The Northeast soccer team has played a lot of Futsal, an indoor version of soccer played on a hard surface.
Without the ability to do any live hitting outdoors, the Pius X girls tennis team has a portable net set up in the gym, and they also hit against walls.
Obviously, baseball teams are unable to take infield and outfield, and gym space has been limited because of state basketball.
At North Star, the long-distance runners are able to run in the streets outside, but the sprinters, jumpers and throwers are forced inside, where hurdles are set up in the gym or hallway and shot putters are throwing against mats set up against the wall. Jumpers work on their runway approaches.
"They haven’t even touched the discus," Musiel said. "There’s nowhere to throw it."
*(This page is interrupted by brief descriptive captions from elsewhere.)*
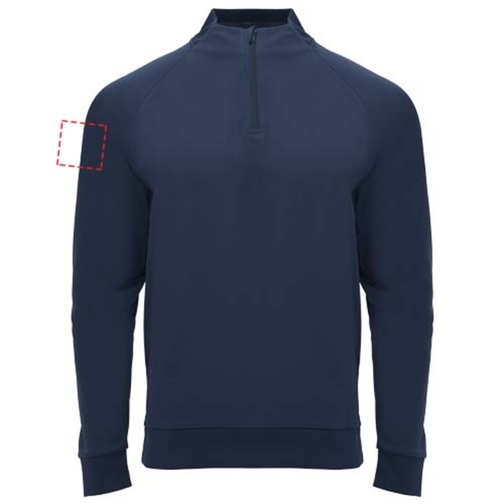 Sweatshirt Epiro à manches longues unisexe avec fermeture demi-zip, Image 12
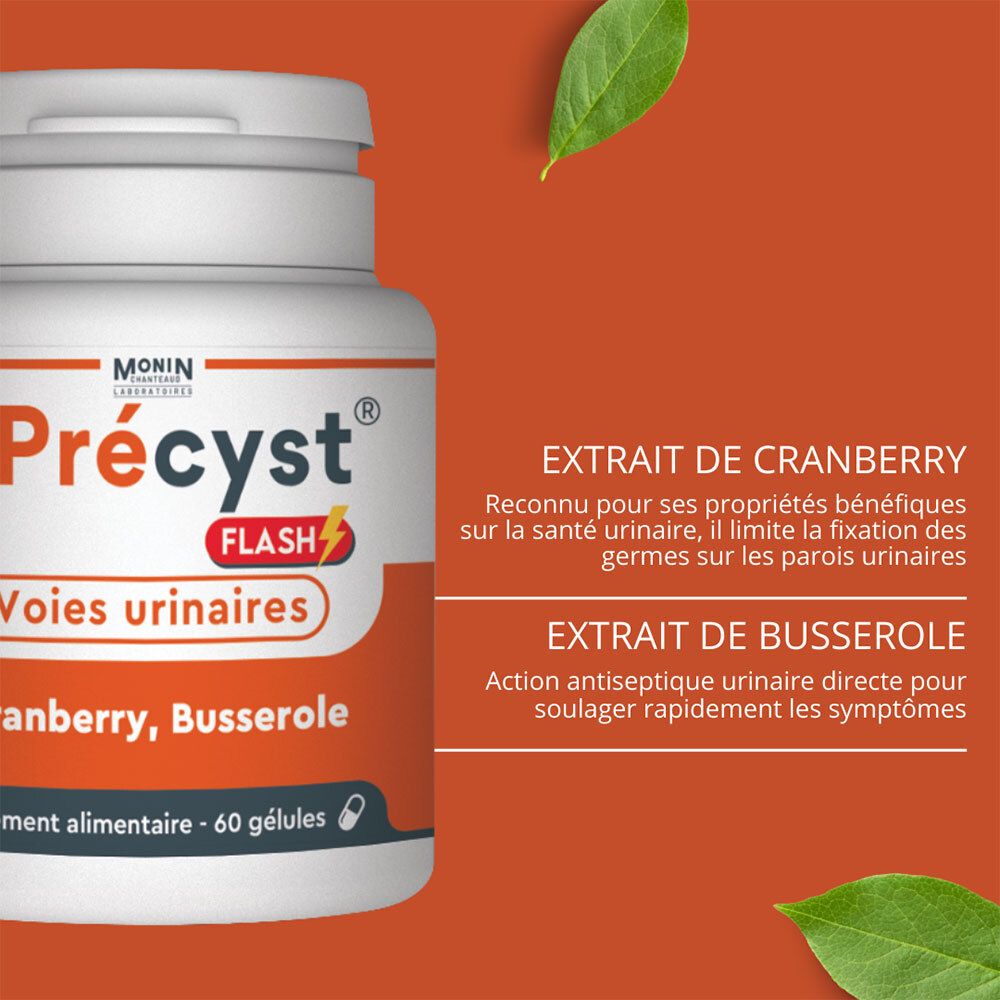 PRECYST FLASH - Gélule, complément alimentaire à visée urinaire.  - bt 60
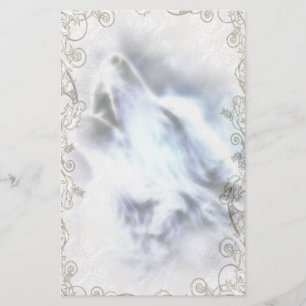 Howling Wolf Native American Stationery Briefpapier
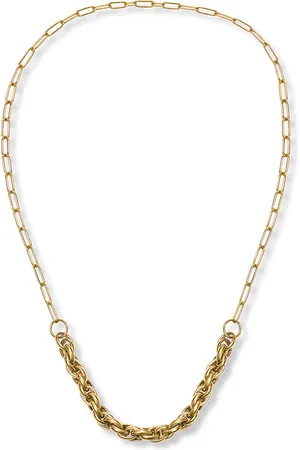 A Weathered Penny Multi Chain Necklace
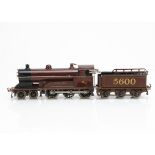 A Bing for Bassett-Lowke 0 Gauge clockwork 'Prince of Wales' 4-6-0 Locomotive and Tender, in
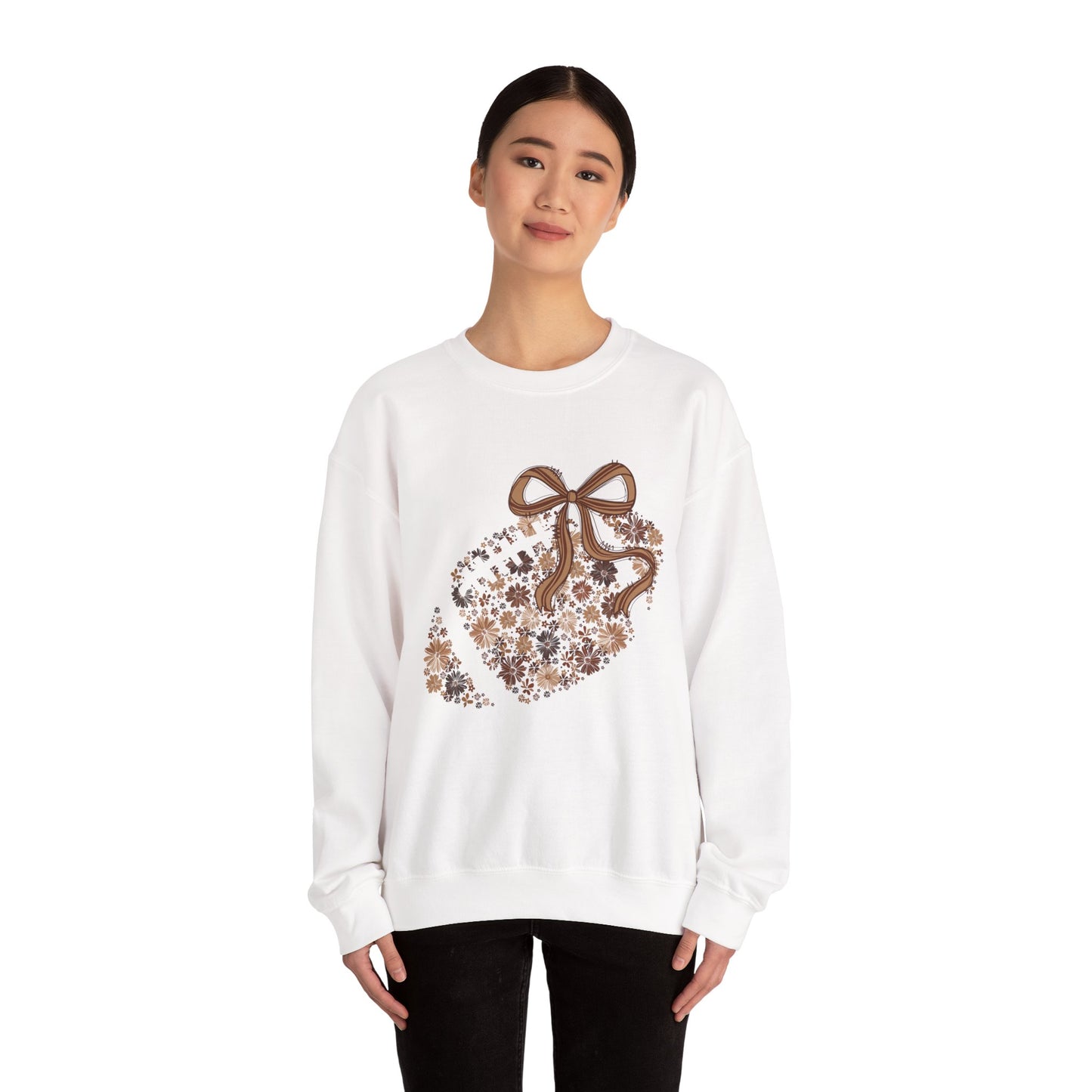 Floral Football Classic Crewneck Sweatshirt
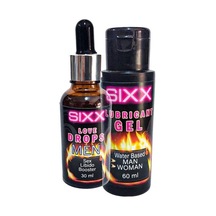 Sixx Erkeklere Lubrikant Jel 60 Ml Ve Erkeklere Özel Damla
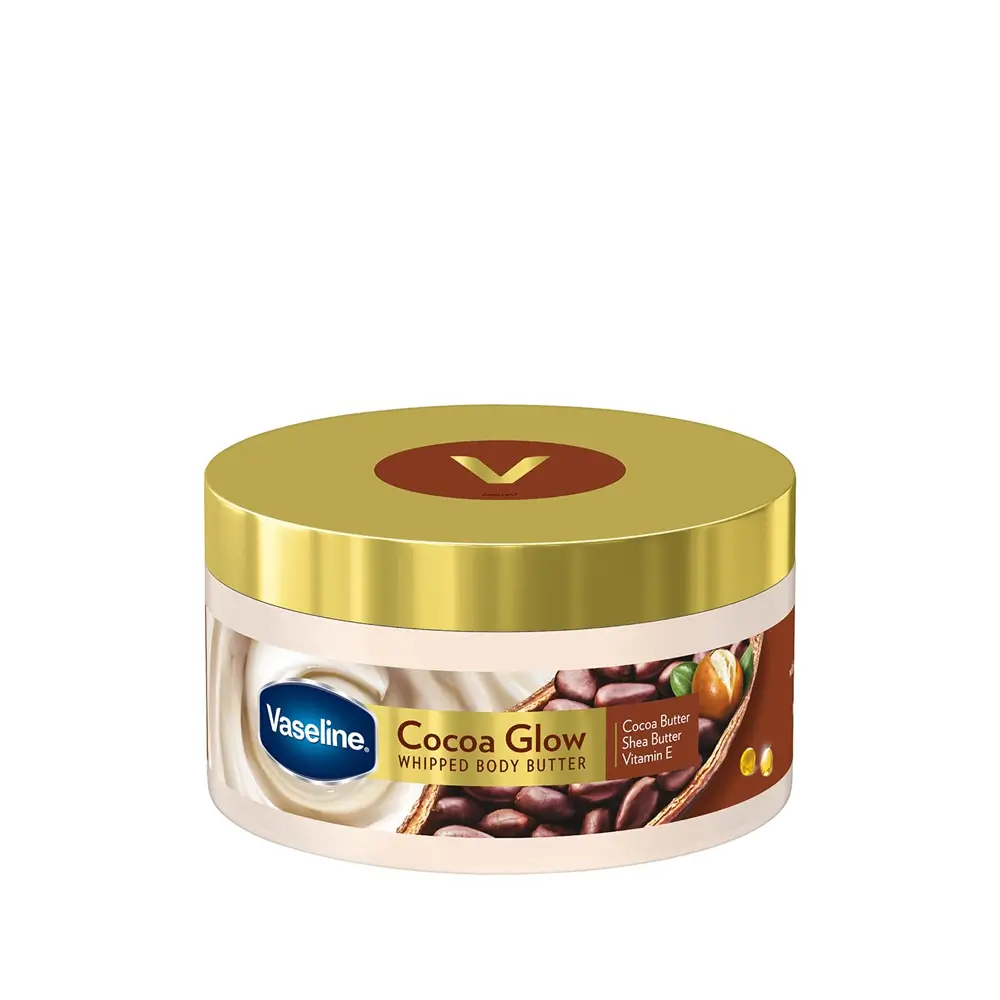 Vaseline Cocoa Glow Whipped Body Butter (180g | India)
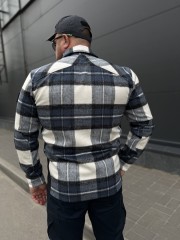 Тактична мілітарі Сорочка FCT утеплена в клітинку Синьо-біла (14 номер)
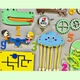 Развивающая доска размер 50*60 Бизиборд для детей HandMade "Желтый" на 37 элементов! - изображение 5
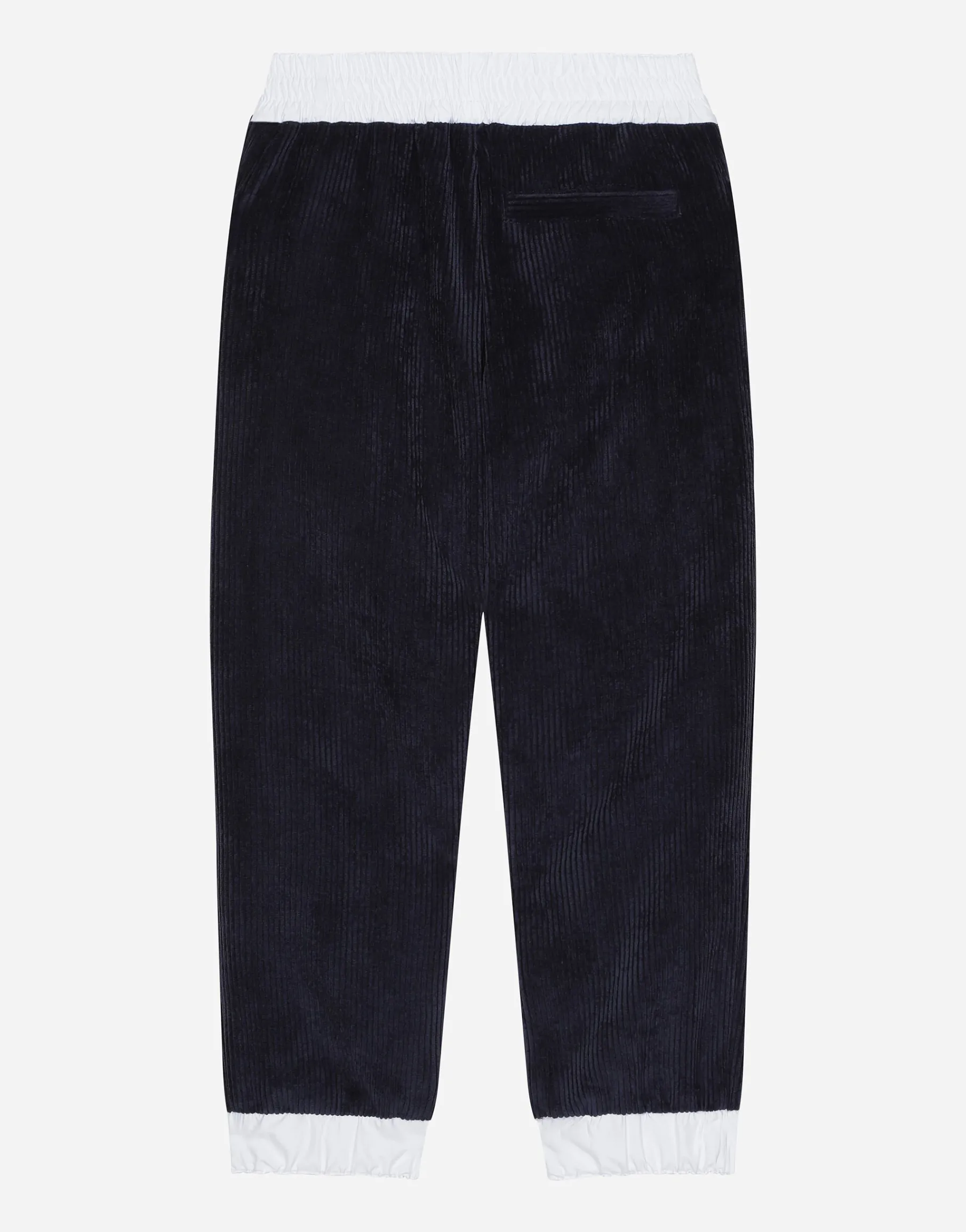 Corduroy jogging pants with DG logo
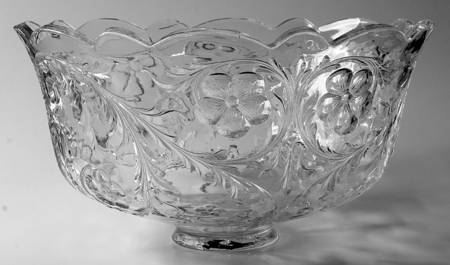 Rock Crystal Clear Punch Bowl
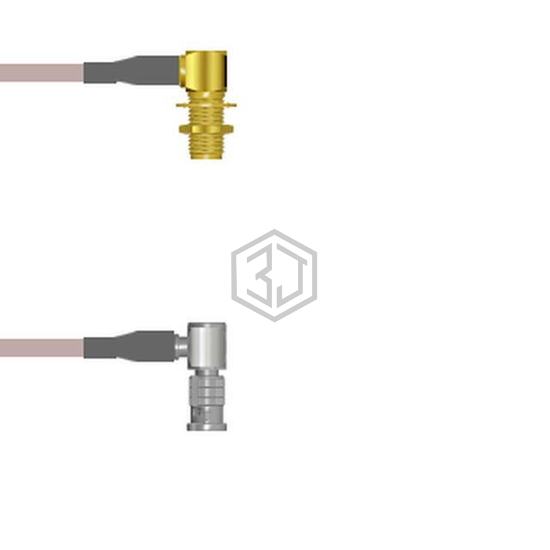 Q-2P05G0005048I - Amphenol Custom Cable - Coaxial Cables (RF)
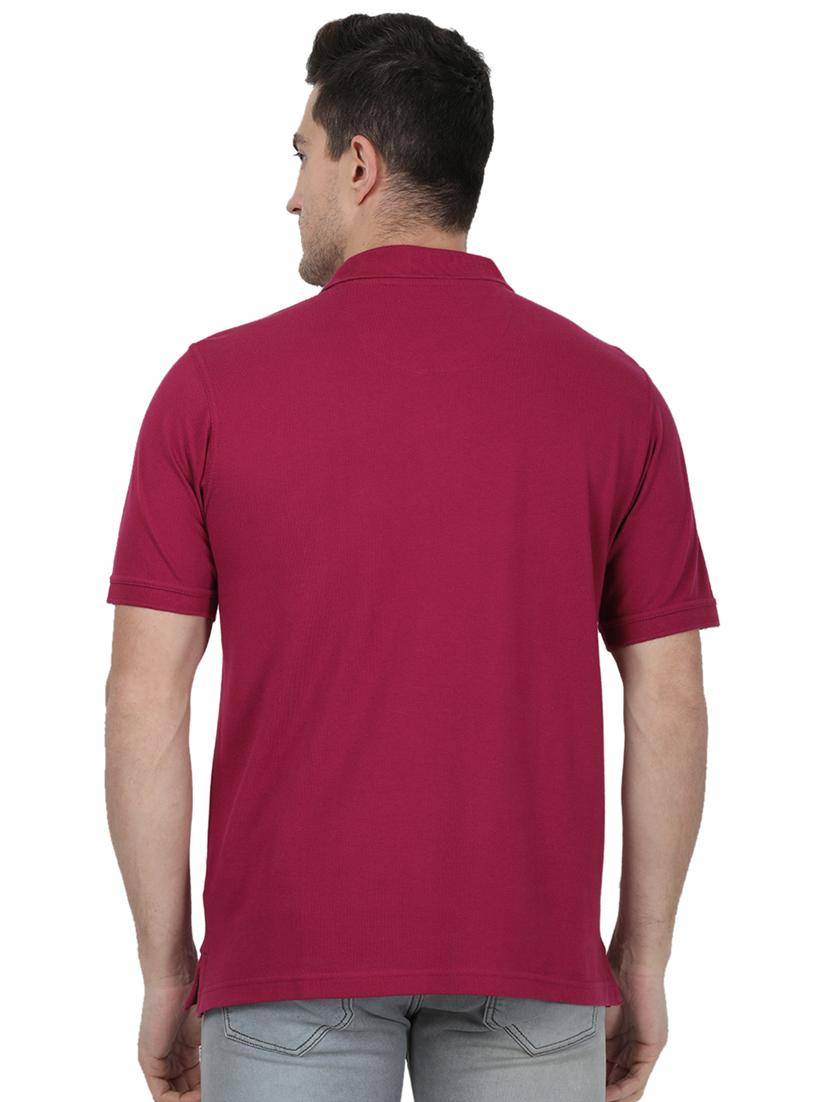 pink solid polo t-shirt - 17687386 - Zoom Image - 3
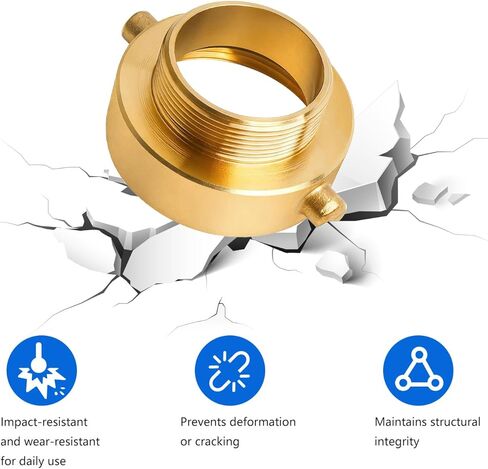 2-1/2" NST (NH) Female x 2" NPT Male Fire Hydrant Adapter,Brass Fire Hose Hydrant Connector with Pin Lug in Kuwait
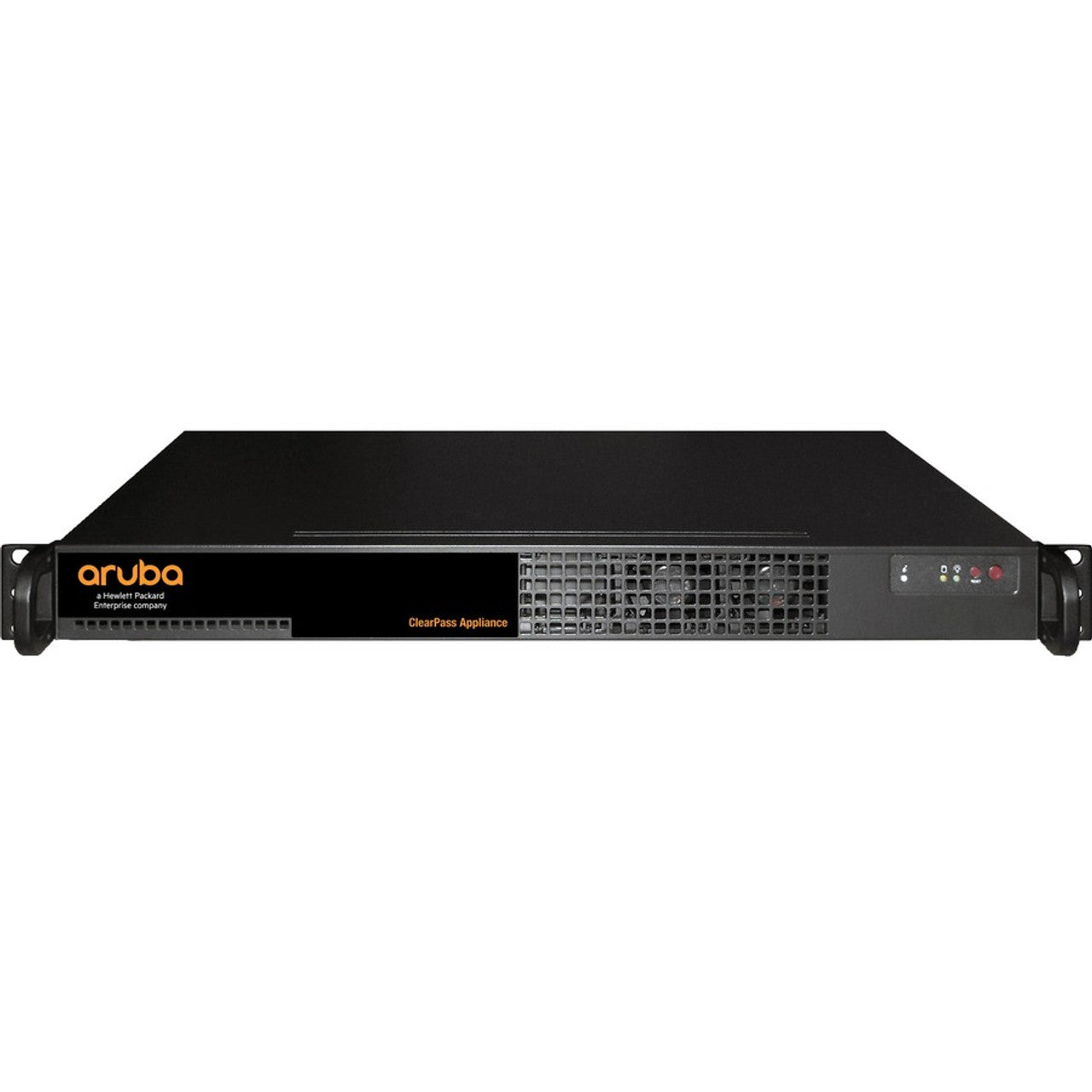 Aruba JW770A black rackmount NAC policy appliance with orange branding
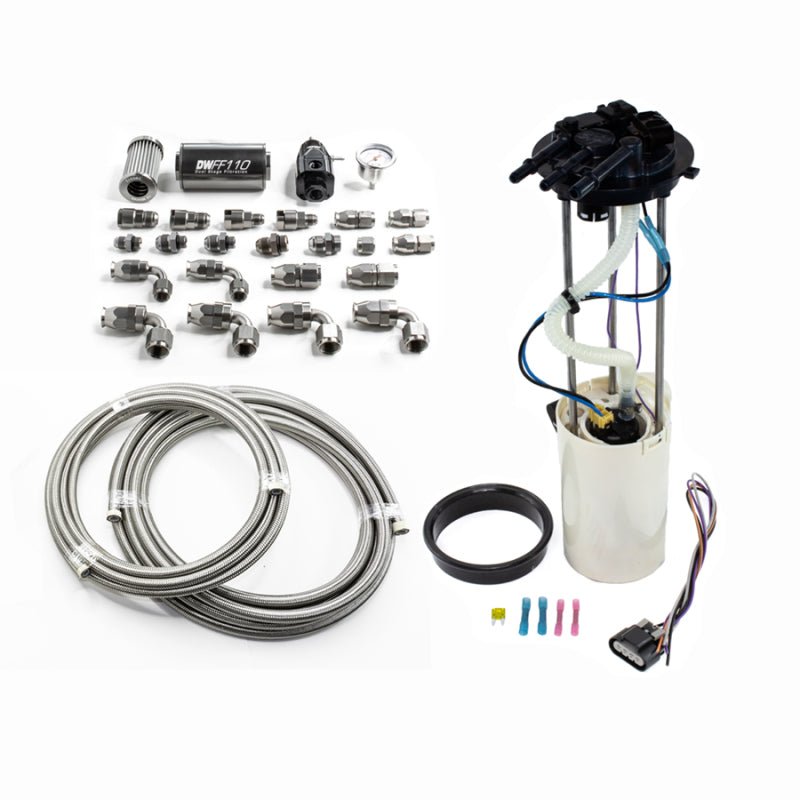 DeatschWerks 1999-2004 CM Truck DW400 Pump Module w/PTFE fuel lines - Crew Original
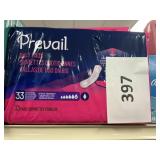 Prevail pads 4-33 ct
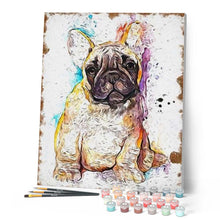 Laden Sie das Bild in den Galerie-Viewer, Malen nach Zahlen für Erwachsene | Brauner Hund | Figured'Art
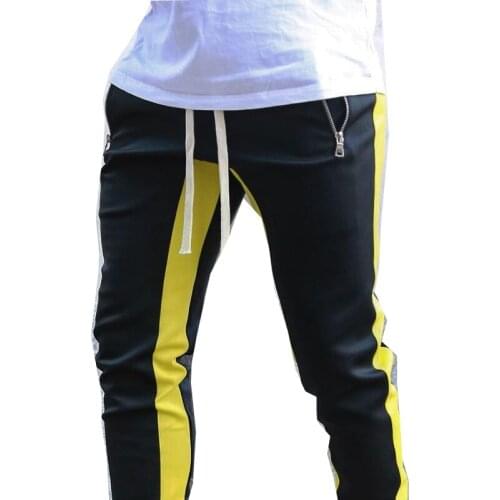 Jogging Casual Hombre Pantalones de aptitud de los hombres ropa deportiva pantalones de chándal ajustados pantalones de chándal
Schools also have to be strategic in how they use gym space. After all, the track, tennis, golf and boys and girls soccer teams are all trying to share space after or before school. And it can be very challenging at schools like North Star and Southwest where each has about 200 kids out for track.
"We do have to get creative where we have varsity doing a film session from 5-6 while the reserve and JV are using the gym time and then we’ll swap, so that way we’re not using the same space at once," said Northeast boys soccer coach Chris Simley, who added that sometimes practices don't start until 8:30 at night. "That makes its tough because each team is getting only an hour of court time."
While logistics have been a challenge, so too has been the mental side of it. Coaches have had to put an emphasis on keeping athletes positive while they wait to break cabin fever.
"Obviously, there’s all different levels of emotions, but for the most part I think the kids are resilient," Danson said. "They understand what’s going on. It’s like golf. When things are not going the way you want to, how are you going to react? We talk about the mental aspect of the game quite a bit."
Southeast baseball coach Montana Jones said his staff has incorporated some fun events -- a swimming pool session, going bowling, going to a movie -- to keep the players in good spirits. Practices have also been kept to 60-75 minutes, Jones added.
"The main thing is trying to keep the kids having fun and keeping their focus and wanting to come back every day," said Jones, who has been able to find a little off-site time at the Lancaster Event Center and a couple other indoor facilities.
"One of the things is just them getting burned out," Jones added. "Kids really don’t like to practice, they want to play in the games. The games are the rewarding factors."
Safe to say, some spring sport seasons will be put on hold. That's leading to some early dialogue about schedule changes. Danson said he's hoping some golf tournaments scheduled for the first two week get rescheduled, and Jones said a priority will be making sure city baseball matchups and the Heartland Athletic Conference Tournament get made up as much as possible.
Though the upcoming weather forecast isn't all sunshine -- temperatures are creeping up but it's expected to be wet and still very cool this upcoming week -- coaches can agree: Eventually, at long last, the weather will turn for the better.
"We’re all in the same boat," Jones said. "We just got to find a way to get to the end of the tunnel and hopefully April brings us better weather."
Said Simley, "For us, it’s been a challenge and we’ve made due. I feel like we're liking getting concepts. I feel like we’re still productive. The good thing is everyone is dealing with this, too."